* _Exercise goal_: Print exactly those lines that run from the beginning of the data to the line bearing "ENSSU Beard Trimmer", inclusive.

* _Entries supplied_:

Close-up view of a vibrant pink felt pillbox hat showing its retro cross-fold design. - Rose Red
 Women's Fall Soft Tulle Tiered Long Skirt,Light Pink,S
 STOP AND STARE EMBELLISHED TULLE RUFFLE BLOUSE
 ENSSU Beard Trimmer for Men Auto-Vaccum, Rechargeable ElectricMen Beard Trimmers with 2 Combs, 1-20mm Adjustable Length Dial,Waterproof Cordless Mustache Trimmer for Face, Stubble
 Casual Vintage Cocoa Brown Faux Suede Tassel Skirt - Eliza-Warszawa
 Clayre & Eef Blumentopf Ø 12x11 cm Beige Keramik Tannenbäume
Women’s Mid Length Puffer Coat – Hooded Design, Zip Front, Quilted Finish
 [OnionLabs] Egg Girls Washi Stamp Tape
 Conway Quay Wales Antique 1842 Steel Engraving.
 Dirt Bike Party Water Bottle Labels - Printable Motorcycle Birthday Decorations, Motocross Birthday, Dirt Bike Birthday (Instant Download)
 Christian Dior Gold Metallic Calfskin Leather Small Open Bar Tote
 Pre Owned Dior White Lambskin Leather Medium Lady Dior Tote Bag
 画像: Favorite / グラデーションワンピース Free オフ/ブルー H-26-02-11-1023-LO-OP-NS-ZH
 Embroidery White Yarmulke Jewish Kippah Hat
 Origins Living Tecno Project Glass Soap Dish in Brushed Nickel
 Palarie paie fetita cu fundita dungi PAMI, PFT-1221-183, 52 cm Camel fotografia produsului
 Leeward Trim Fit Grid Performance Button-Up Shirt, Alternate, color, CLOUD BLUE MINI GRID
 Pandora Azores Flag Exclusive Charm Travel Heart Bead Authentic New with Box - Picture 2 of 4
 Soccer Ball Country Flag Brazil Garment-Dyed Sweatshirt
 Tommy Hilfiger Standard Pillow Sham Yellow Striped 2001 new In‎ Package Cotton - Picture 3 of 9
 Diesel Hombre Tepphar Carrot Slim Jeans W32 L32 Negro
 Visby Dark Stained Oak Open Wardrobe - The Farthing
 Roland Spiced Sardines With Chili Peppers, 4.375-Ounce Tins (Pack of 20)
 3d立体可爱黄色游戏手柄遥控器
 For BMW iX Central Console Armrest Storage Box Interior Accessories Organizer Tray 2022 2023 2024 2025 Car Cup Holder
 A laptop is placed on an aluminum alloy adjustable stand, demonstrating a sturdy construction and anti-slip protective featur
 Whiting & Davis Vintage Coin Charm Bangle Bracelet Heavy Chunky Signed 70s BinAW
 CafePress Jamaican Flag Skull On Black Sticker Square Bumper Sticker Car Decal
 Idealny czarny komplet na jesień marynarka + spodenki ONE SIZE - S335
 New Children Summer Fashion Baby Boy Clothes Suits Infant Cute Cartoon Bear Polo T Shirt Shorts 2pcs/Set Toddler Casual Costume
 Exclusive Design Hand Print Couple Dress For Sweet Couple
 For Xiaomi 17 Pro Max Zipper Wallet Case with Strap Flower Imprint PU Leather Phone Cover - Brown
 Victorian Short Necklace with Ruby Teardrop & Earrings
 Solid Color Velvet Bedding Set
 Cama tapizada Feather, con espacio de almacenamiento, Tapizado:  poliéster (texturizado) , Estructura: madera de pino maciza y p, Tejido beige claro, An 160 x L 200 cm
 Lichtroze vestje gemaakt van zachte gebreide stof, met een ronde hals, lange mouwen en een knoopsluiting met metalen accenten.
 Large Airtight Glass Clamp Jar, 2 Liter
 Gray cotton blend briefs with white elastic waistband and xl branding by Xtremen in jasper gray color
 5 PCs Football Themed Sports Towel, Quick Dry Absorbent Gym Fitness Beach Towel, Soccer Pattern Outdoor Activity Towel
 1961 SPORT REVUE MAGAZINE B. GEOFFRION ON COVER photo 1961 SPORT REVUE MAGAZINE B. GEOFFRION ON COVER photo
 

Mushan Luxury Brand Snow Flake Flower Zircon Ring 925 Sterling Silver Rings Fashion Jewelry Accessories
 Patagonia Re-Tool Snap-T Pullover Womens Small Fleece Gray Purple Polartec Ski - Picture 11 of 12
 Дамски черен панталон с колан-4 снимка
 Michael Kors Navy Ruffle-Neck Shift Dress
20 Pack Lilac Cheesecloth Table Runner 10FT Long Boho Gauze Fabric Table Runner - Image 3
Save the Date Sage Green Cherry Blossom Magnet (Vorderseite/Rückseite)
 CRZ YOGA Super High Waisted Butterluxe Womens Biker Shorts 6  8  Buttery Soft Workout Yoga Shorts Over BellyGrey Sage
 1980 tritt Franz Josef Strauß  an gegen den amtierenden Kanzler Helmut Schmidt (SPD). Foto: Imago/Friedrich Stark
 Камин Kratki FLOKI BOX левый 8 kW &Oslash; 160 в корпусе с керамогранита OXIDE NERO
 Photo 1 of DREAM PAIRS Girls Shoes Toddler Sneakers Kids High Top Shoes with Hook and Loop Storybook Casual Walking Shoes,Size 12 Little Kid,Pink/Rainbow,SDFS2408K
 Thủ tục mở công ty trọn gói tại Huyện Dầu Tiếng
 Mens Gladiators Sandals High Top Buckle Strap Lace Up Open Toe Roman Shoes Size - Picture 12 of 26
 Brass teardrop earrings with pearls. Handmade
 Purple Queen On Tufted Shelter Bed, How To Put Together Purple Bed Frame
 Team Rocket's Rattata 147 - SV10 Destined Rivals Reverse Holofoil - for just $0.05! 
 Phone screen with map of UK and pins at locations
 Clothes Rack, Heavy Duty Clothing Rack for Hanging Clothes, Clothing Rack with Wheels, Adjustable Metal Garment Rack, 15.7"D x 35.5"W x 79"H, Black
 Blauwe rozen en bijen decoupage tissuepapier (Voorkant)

* _Expected answer_:
Close-up view of a vibrant pink felt pillbox hat showing its retro cross-fold design. - Rose Red
 Women's Fall Soft Tulle Tiered Long Skirt,Light Pink,S
 STOP AND STARE EMBELLISHED TULLE RUFFLE BLOUSE
 ENSSU Beard Trimmer for Men Auto-Vaccum, Rechargeable ElectricMen Beard Trimmers with 2 Combs, 1-20mm Adjustable Length Dial,Waterproof Cordless Mustache Trimmer for Face, Stubble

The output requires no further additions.